[Start of Attachment]
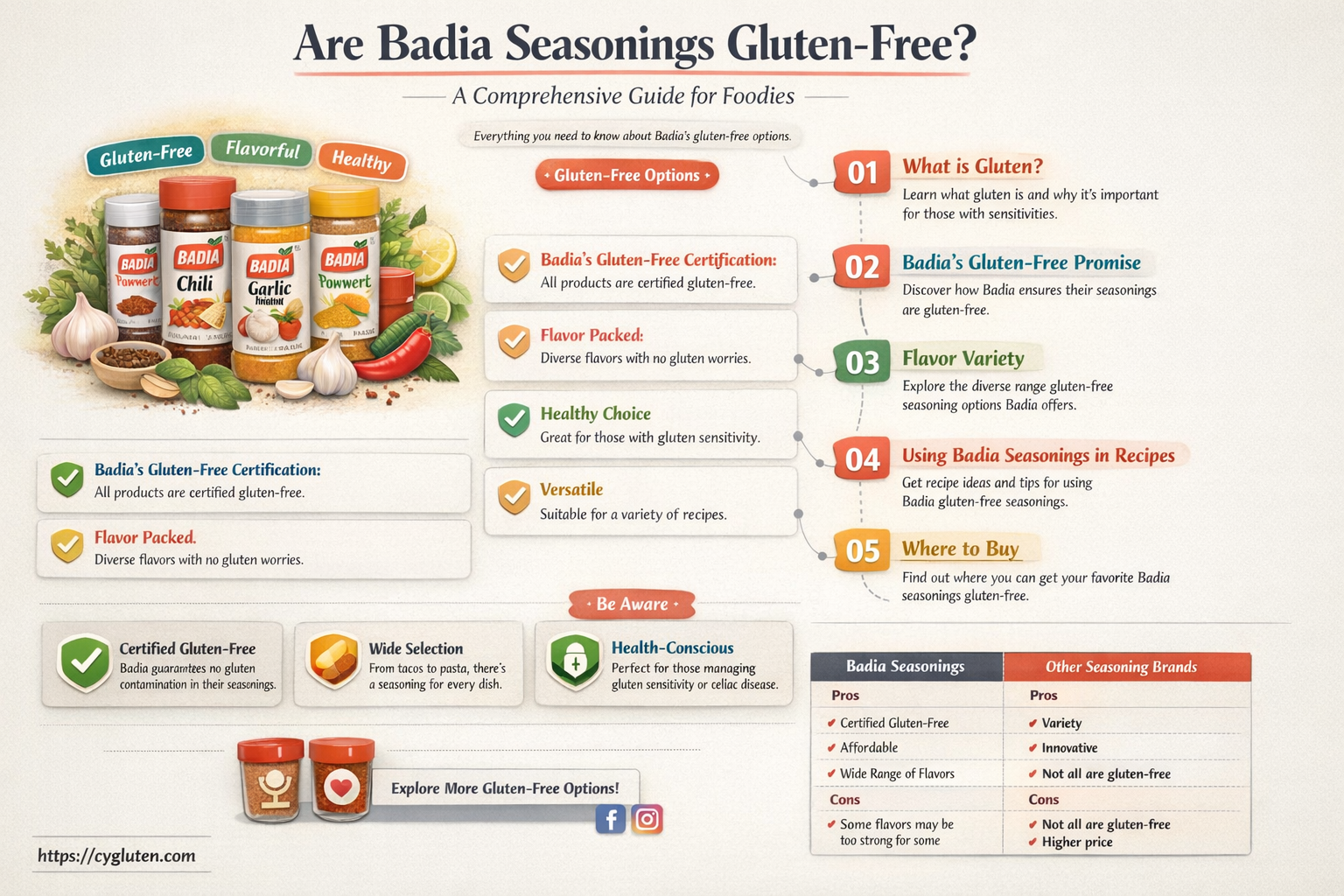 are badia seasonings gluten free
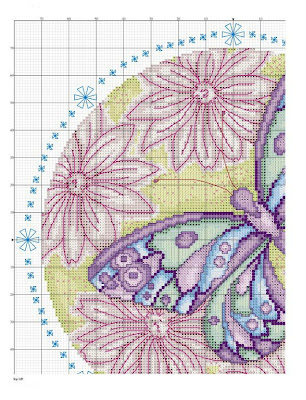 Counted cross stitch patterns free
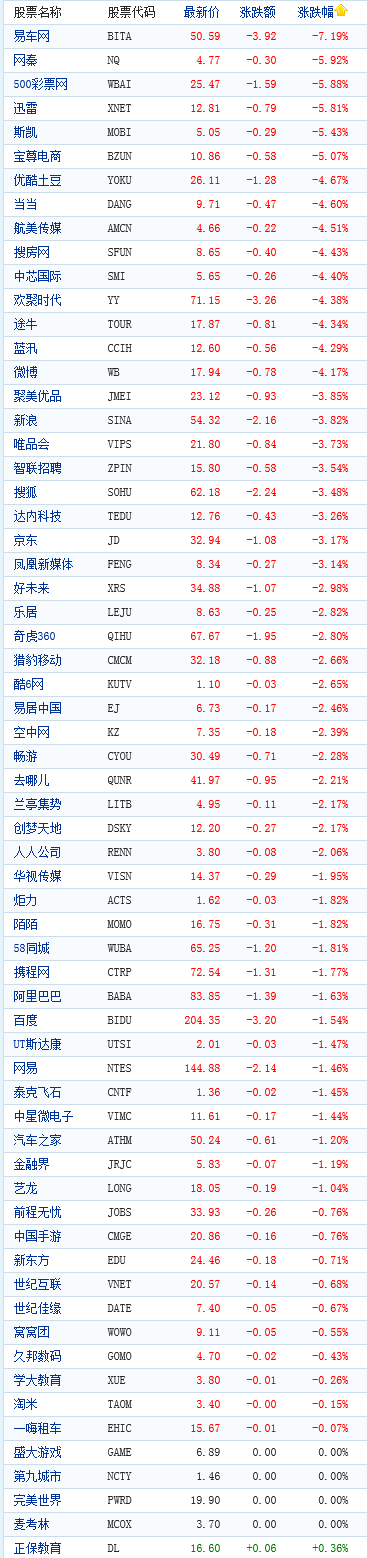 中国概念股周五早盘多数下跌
[End of Attachment]
**YOUR GOAL:** Exclude the pictures and give back the rest of the data above exactly as written.

**TASK RESPONSE:**
 are badia seasonings gluten free
 Counted cross stitch patterns free
 中国概念股周五早盘多数下跌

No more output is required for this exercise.